Talk of spreading the disease while playing doctor. Kalyegira says that, for us to get out of our problem, “First, we shall need teachers … people who will show us the way we ought to live and the things we ought to aspire for and what it means to be a people.” He essentially wants more of the same old stick of Africans sitting down and waiting for an inspired chanter to tell them “Turn left!” and they turn; “Turn right!” and they turn. But this is already the problem we have. Does Kalyegira not realise that the issue with TV is that it is exactly this kind of teacher? The really silly habits and decisions we have learnt from the West were delivered to us as from a teacher to a pupil. That is precisely our problem; nobody explores anymore, and if we follow Kalyegira’s advice, we would do even less of it. All that would be left would be sitting at the feet of some pontificator and being misguided.

He notes that America publishes lots of books, and he somehow links that to development. Well, the problem is that the data does not permit that conclusion. Voluminous publishing did not stop China and the USSR from having famines that led to millions of deaths. (In the case of the Soviets, the voluminous publishings of Trofim Lysenko and his fellow scientists actually led to the famines. To say nothing of our Chinese friends and the voluminous writings during the Great Leap Forward.) Scandinavian countries have paltry amounts of publications compared to China and America, but they pass America’s development metrics better than America herself.

A race with a global appeal
Besides, Africans are an acoustic people, hence their music that has vast international appeal, but also the fact that more useful discussion happens on radio in Uganda than happens in print.

Noting that West is pretty much finished, Kalyegira is casting about in a panic, looking for a new person to lead Africa. He takes it as a given that Africa cannot lead herself —just like the Europeans did — and so he comes up with this “teacher” he wants us to follow: “The Chinese, with their attention to detail and serious minds, should also help guide the clueless and ‘unserious’ African into the future. We need to develop a higher sense of existence and consciousness.” Isn’t it alarming that Kalyegira wrote those two sentences next to each other?
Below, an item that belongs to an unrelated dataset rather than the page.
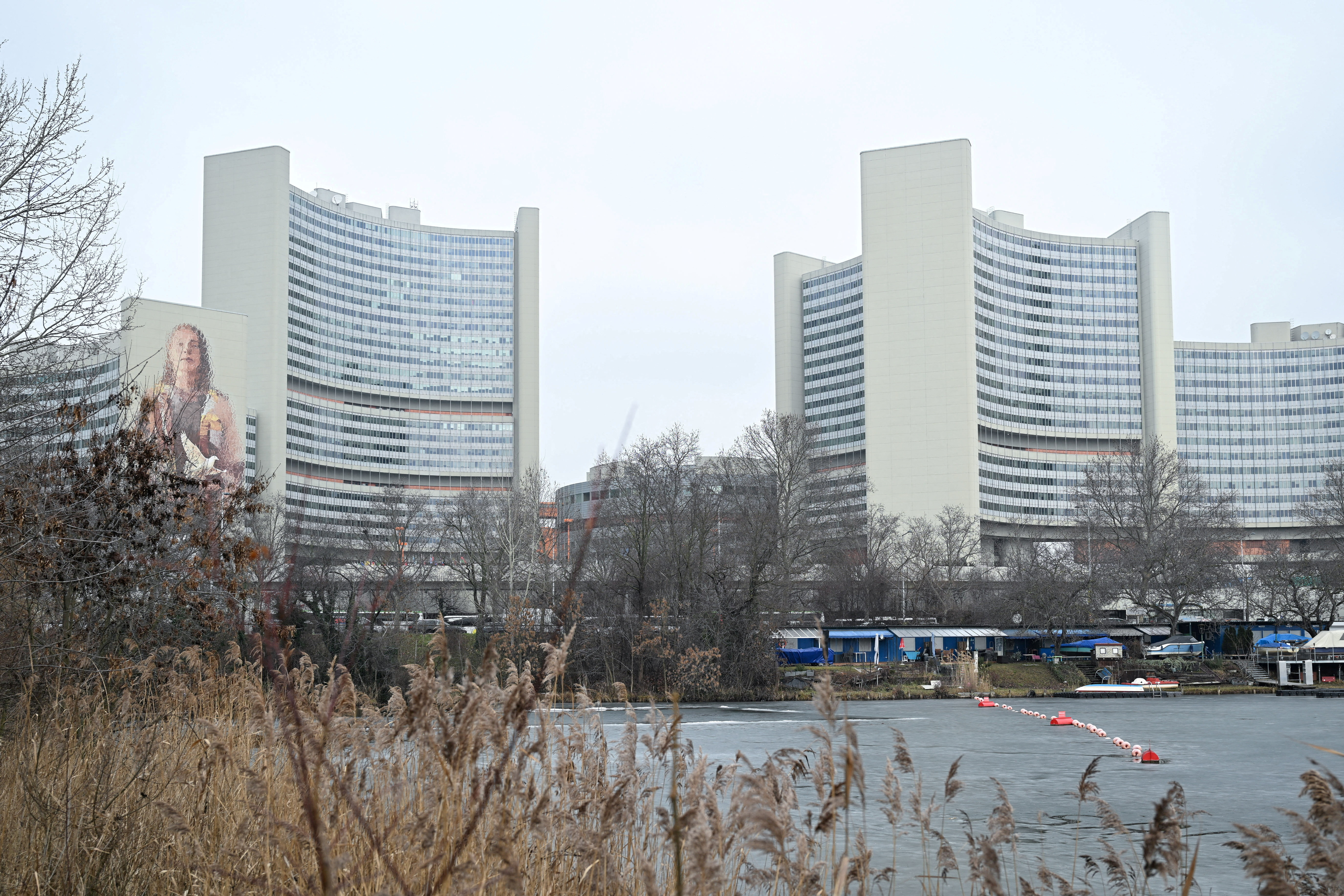 cover IAEA report says Iran must allow inspections, points at Isfahan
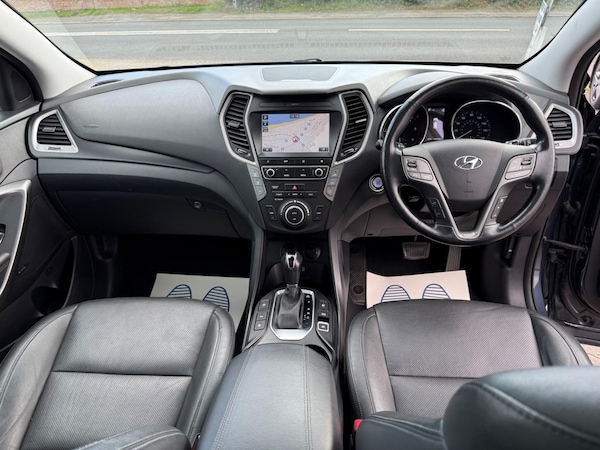 Used Hyundai Santa Fe 2017 for sale - 76032671: Photo 3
He is calling for a “higher sense of existence” for Africans on the one hand, while on the other asking Africans to trail meekly behind the Chinese derrière, being cheap plastic ‘MADE IN CHINA’ copies of their original self. Talk of spreading disease while playing doctor! So if we rose to the Chinese level of, say, forced abortions and government-mandated atheism, Kalyegira would laud our “higher sense of existence”?

The fundamental problem with us is that we have been convinced that we were mere apes before Europe came and saved us. As I have said before, this is not true at all. Not by a long chalk.

What Kalyegira said

The Chinese, with their attention to detail and serious minds, should also help guide the clueless and “unserious” African into the future. We need to develop a higher sense of existence and consciousness. In other words, we need to develop the title of Kenny Rogers’ 1983 album: Eyes That See In The Dark. Eyes that see in the dark. That is what we need: well-developed, thoughtful, solid minds with a level of perception, penetrating insight and in-depth knowledge that is solely missing in our African societies and to have such developed minds run our companies, government departments, schools, universities and families with mental clarity. We can only get this gravitas and rock-solid stature by reading and writing and researching advanced knowledge and information.